Na semana passada, uma operação da Polícia Federal, em conjunto com a Controladoria Geral da União (CGU), revelou um esquema de fraude no pagamento de aposentadorias, o que levou à demissão do presidente do INSS, Alessandro Stefanutto, e de outros cinco servidores públicos investigados.
Finalmente, o dirigente informou que as centrais se reunirão com autoridades federais para pedir rapidez e transparência nas investigações. “Passado o 1º de Maio, nós vamos pedir uma reunião com o ministro da Justiça, nós vamos pedir uma uma reunião com a com a CGU [Controladoria-Geral da União], com a AGU [Advocacia-Geral da União] e vamos exigir celeridade nessa investigação, porque nós somos maiores interessados em que seja célere a apuração”, afirmou.
Embora evitem declarações públicas nesse sentido, outros dirigentes avaliam que a demissão do atual ministro da Previdência, Carlos Lupi (PDT), poderia ajudar a estancar a crise gerada pela revelação da fraude nas aposentadorias.

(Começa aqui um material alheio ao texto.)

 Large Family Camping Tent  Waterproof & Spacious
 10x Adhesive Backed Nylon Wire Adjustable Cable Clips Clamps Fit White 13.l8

Outros avaliam que a saída do ministro é improvável, já que ele conta com o apoio de diversos ministros do governo e tem a simpatia do próprio presidente da República.
Além da CUT, da Intersindical e da CTB, participaram da reunião a Força Sindical, União Geral dos Trabalhadores (UGT), a Central dos Sindicatos Brasileiros (CSB), a Nova Central Sindical de Trabalhadores (NCST) e a Pública Central do Servidor, além de representantes de outras entidades ligadas aos sindicatos.